Radical Politics in the Philosophy of Marx

Radical Politics

The radical politics of Marx has defined the far left. This reflection upon The German Ideology considers the similarities between the radical politics of the far right and the far left to explain the ideology of radicalism. Justin Kempf places Marx in a tradition of radical thought alongside Nietzsche where the radicalism of the left and right begin to converge. 

Radical Politics in America

The assault on the capital marks a new dimension in American politics. Democracy itself has now become the subject of political conflict. The rule of law is no longer a standard of consensus, but an obstacle some hope to overcome. American politics has long been a combination of liberal and conservative elements. Donald Trump symbolizes the introduction of a radical element.

Radicals are sometimes glorified because they refuse to obey or follow empty rules and traditions. The radical is portrayed as a hero who challenges authority. Americans have a cultural antipathy to authority, so it is surprising radical politics did not emerge earlier in the public sphere. But Americans are largely conservative. What Americans describe as radicals are often just reformers. They may challenge authority in their language, but there is almost always an affinity for American values and institutions.

The closest America came to a truly radical form of politics was abolitionism. Abolitionists genuinely wanted to tear down an institution. Indeed, William Lloyd Garrison believed it necessary to undo the entire constitution to abolish the institution of slavery. But over time fiercest supporters of abolition transformed from radicals into reformers. Frederick Douglass broke with the Garrisonians in his belief that the constitution was not inconsistent with abolitionism. And in the end, abolitionism found its hero in a reformer, Abraham Lincoln, rather than a radical.
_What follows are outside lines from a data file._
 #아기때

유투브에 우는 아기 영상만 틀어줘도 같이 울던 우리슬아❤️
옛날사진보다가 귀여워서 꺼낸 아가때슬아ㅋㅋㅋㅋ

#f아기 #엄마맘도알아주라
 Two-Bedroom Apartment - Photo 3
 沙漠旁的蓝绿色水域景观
Slavery was abolished through the reform of the constitution.

The Radical Politics of Marx

Marx is a legendary figure among the left for his critique of capitalism. But his politics are lost among the left because Marx was a radical. The left, on the other hand, embrace the politics of reform. The difference is simple. Reformers recognize the problems in institutions, but they also recognize their value and potential. Radicals cannot see beyond the problems of institutions. Their solution involves abolition. Vast inequalities of wealth are a recurrent problem in capitalism, so Marx proposed the abolition of wealth. But he did not stop there. Marx saw the solution to the Jewish Question in the abolition of religion and the solution to sexual discrimination in the abolition of the family.
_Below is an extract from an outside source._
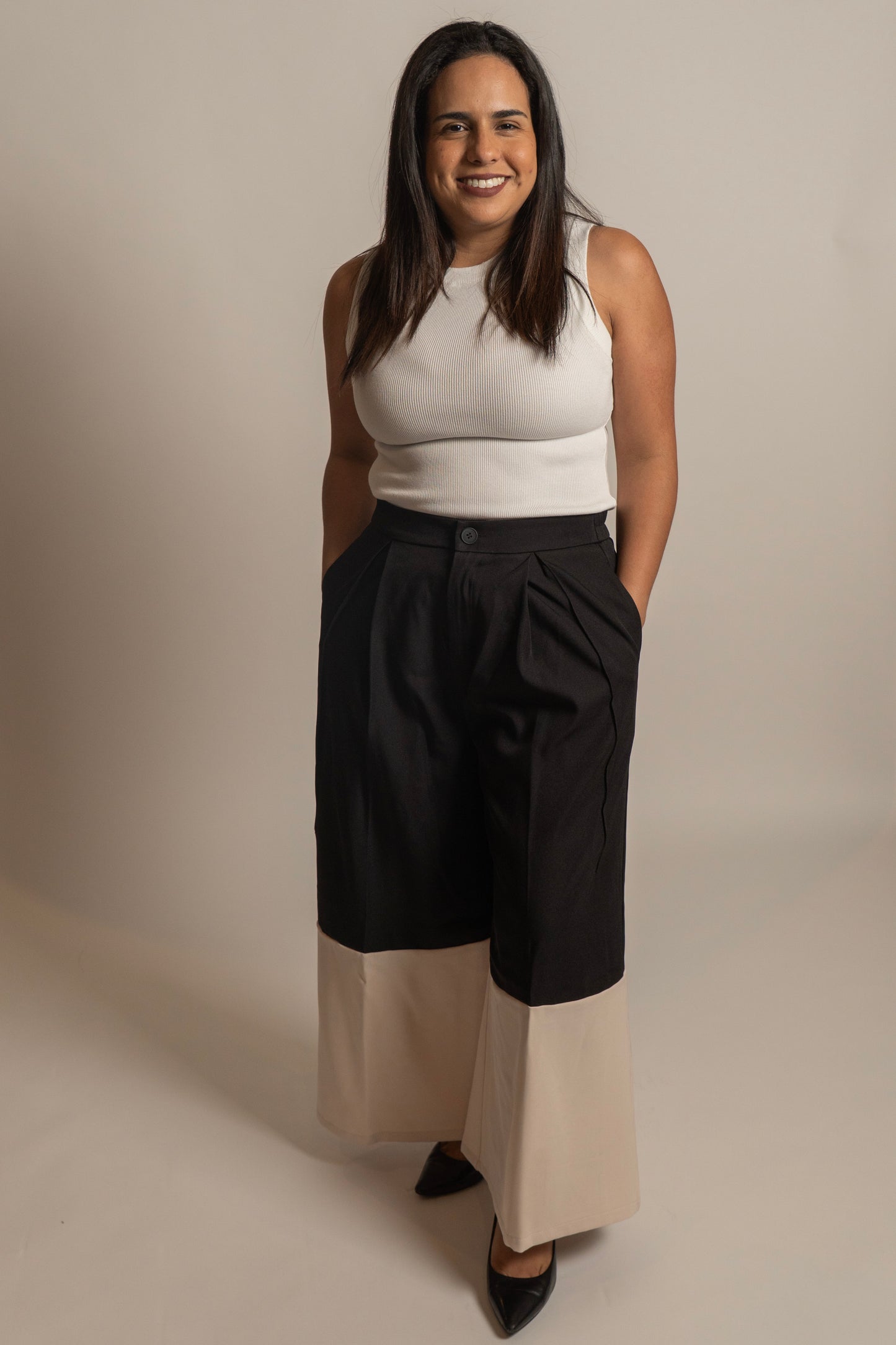 Sleeveless White Round Neck Basic Top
The left has become synonymous with its defense of an active government. Rather than abolish institutions, the left makes the case for the necessity to strengthen the state. Conservatism, of course, has warned against the growth in government. Among its most revered icons is Friedrich Hayek who wrote about the evils of state planning in The Road to Serfdom. The irony is Marx may have agreed with Hayek’s case against state planning. Marx’s solution, of course, was different. He believed in the abolition of the state.

The Left-Right Spectrum

Traditional left-right politics is portrayed along a single dimension. Typically, the divide in modern politics is portrayed along an economic dimension. The left wants an active government capable of redistribution of wealth, while the right wants a limited government without a redistributive element. The left-right spectrum recognizes there is space somewhere in between for consensus.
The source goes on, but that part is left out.